My research examines questions at the nexus of race, identity, neoliberalism and the cultural politics of education. I also have a broader interest in how the logic of racial capitalism is mapped on to school spaces to construct narratives of racial progress. My current project explores identity work (construction, negotiation, and presentation of identities) among students of color in transitional school programs: non-profit organizations that recruit poor and working class students of color and prepare them to transition from mostly public schools in urban communities to elite, private schools. I am also currently co-writing a paper (with Amelia Herbert) about the master narrative of public schools as the “Great Equalizer” between all children and how its universal language, unmatched in practice, serves as a political actor that simultaneously validates one characterization of history and invalidates others.
I am a facilitator for Reimagining Education Summer Institute; a professional development summer institute for teachers, school administrators, and stakeholders interested in creating learning spaces for racially, ethnically, and socioeconomically diverse student bodies.
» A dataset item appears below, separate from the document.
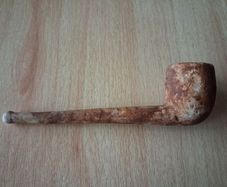 Vintage clay pipe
Recently, I was a research assistant at the Center for Understanding Race in Education at Teachers College working on The Public Good project, a partnership with the center and New York Appleseed committed to assisting schools in navigating the process of creating and sustaining racially, ethnically, and socioeconomically diverse public schools in gentrifying neighborhoods.
I received my MA degree in sociology and education from Teachers College, Columbia University and a BA degree in sociology from Loyola University Maryland from my hometown in Baltimore City.